Short descriptive text snippets
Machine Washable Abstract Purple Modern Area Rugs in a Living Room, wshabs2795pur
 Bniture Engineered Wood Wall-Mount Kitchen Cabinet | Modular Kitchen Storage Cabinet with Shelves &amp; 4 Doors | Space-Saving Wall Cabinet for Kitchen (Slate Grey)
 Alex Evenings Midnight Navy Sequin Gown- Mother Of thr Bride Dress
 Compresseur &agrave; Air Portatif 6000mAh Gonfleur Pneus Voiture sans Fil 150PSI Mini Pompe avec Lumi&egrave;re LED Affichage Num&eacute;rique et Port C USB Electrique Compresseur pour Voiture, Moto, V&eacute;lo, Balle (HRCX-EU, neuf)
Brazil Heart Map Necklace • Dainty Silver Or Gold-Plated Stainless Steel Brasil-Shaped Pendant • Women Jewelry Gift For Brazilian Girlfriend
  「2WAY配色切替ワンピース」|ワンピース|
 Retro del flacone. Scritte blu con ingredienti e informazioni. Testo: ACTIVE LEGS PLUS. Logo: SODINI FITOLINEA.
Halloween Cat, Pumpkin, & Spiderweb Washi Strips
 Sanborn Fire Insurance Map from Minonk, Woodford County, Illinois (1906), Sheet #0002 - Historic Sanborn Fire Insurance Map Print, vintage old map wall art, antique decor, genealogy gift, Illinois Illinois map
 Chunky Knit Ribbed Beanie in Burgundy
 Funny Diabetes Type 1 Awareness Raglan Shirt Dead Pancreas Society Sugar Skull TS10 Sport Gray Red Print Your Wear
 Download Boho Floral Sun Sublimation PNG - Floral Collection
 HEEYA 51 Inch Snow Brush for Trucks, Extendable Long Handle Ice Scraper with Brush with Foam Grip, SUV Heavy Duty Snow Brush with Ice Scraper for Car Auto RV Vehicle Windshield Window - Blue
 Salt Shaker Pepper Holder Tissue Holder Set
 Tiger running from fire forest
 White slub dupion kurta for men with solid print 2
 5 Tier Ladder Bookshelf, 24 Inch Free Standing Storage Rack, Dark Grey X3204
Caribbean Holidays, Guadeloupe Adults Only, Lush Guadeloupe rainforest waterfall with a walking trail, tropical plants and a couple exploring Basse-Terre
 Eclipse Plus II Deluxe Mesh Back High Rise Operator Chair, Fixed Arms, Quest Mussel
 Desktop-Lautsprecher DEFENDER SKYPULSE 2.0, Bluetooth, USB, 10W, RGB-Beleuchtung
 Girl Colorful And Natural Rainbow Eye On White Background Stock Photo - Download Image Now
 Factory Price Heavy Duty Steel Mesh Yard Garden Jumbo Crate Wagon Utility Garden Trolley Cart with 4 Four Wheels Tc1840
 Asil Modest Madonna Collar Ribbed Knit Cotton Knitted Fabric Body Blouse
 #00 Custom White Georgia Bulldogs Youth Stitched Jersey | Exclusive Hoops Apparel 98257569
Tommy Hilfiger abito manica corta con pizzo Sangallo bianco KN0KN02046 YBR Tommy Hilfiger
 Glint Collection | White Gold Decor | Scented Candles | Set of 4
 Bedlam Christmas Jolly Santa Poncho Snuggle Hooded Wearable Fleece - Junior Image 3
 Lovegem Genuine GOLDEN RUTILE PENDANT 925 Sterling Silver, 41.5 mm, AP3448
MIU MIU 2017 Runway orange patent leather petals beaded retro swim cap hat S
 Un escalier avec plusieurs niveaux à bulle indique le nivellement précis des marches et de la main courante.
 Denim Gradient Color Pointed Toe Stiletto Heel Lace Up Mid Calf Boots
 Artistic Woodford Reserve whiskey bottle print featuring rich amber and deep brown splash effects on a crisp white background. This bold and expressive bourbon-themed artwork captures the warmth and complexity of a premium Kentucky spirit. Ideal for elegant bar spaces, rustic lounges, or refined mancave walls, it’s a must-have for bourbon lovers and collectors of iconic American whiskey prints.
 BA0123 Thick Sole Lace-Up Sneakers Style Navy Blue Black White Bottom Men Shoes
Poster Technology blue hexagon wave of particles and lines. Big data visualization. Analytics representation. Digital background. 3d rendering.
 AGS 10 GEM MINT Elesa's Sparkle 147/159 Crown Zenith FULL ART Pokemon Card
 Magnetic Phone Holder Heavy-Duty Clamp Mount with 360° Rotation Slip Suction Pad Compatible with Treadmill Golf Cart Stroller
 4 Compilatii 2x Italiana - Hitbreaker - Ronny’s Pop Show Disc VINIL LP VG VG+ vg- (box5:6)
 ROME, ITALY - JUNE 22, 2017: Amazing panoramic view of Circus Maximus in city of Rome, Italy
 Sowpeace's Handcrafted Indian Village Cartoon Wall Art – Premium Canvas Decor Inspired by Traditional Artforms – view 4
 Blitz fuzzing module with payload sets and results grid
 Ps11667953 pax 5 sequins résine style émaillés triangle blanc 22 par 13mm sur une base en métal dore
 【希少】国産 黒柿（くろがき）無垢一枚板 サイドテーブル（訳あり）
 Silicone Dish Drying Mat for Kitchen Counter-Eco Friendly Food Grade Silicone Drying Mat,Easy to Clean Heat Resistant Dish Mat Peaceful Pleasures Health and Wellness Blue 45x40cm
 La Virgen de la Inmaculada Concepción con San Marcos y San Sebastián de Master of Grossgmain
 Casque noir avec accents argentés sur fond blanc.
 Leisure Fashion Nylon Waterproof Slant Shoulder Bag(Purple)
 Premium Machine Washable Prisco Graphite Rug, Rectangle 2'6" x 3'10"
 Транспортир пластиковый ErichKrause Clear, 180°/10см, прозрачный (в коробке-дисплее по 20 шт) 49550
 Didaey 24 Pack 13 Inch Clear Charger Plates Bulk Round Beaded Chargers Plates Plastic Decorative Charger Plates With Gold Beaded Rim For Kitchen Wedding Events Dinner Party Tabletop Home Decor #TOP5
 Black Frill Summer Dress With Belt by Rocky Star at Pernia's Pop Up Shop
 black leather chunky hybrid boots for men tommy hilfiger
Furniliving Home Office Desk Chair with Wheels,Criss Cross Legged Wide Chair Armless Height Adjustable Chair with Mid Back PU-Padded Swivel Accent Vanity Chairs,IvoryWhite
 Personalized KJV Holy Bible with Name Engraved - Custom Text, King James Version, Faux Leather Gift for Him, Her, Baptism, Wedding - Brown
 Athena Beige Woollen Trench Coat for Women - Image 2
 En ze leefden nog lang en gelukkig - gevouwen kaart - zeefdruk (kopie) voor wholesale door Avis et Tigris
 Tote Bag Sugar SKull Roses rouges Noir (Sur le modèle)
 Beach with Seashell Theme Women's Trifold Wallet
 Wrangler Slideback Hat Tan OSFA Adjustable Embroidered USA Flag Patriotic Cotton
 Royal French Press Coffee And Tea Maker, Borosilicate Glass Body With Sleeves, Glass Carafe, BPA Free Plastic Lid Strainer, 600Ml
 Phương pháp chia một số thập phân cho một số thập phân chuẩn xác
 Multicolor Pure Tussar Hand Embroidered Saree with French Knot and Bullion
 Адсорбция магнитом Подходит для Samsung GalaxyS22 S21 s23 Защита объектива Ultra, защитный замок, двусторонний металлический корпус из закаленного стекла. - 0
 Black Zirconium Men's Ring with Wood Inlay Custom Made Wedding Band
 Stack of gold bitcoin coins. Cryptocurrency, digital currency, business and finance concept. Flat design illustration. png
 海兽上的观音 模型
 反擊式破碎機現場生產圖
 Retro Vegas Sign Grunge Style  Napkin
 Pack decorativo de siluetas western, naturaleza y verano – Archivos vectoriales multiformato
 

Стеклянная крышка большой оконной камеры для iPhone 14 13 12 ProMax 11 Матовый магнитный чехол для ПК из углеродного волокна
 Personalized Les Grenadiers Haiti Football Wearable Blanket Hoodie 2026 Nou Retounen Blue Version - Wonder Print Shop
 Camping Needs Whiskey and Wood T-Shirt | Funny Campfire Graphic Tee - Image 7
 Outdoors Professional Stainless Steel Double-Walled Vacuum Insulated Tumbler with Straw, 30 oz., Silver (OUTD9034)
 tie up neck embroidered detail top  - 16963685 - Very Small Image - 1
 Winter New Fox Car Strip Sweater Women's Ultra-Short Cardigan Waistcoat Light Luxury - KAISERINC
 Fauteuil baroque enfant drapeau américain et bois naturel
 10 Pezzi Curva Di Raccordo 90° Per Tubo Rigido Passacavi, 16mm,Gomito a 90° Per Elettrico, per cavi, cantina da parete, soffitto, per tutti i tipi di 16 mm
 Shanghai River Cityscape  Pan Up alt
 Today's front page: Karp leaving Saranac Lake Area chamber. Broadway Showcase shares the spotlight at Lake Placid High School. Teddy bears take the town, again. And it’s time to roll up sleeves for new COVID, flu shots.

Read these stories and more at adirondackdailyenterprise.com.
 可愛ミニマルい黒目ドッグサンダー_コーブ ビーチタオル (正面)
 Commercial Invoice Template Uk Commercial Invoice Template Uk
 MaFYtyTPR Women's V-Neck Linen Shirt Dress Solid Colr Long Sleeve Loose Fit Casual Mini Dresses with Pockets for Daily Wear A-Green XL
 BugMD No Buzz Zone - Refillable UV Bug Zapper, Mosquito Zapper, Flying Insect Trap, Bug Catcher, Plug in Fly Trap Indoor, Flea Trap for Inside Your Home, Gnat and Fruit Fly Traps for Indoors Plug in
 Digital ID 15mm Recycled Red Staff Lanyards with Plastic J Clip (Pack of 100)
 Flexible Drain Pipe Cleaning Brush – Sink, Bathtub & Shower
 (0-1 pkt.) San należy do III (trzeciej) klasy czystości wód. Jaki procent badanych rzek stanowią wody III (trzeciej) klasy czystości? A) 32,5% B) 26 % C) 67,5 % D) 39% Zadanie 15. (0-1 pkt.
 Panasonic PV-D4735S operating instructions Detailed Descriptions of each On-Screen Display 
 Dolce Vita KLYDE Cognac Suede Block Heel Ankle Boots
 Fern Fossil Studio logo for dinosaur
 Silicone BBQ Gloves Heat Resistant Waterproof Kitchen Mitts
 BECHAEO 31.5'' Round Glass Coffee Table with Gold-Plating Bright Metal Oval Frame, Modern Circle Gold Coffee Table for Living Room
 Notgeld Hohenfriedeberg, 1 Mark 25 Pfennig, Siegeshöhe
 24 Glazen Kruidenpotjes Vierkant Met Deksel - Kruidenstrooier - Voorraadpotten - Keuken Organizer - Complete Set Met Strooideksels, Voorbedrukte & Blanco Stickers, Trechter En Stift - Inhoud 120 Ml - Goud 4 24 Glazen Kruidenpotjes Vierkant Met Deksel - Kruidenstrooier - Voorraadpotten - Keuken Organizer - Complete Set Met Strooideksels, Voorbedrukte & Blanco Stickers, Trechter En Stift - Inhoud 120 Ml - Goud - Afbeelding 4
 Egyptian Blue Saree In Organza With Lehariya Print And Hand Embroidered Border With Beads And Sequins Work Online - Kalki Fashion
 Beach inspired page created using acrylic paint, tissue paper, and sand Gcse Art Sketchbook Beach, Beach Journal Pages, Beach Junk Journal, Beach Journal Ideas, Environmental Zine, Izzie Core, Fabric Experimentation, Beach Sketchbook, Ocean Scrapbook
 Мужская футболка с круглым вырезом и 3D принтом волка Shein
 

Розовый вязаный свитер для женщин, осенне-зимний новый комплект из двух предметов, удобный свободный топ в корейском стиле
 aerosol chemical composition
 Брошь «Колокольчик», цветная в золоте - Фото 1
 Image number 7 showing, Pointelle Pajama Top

WHAT TO WORK ON
The answer is the lines above between the line holding "Panasonic PV-D4735S operating" and the line holding "Silicone BBQ Gloves", inclusive, each written out exactly, and no others.

EXERCISE ANSWER
 Panasonic PV-D4735S operating instructions Detailed Descriptions of each On-Screen Display 
 Dolce Vita KLYDE Cognac Suede Block Heel Ankle Boots
 Fern Fossil Studio logo for dinosaur
 Silicone BBQ Gloves Heat Resistant Waterproof Kitchen Mitts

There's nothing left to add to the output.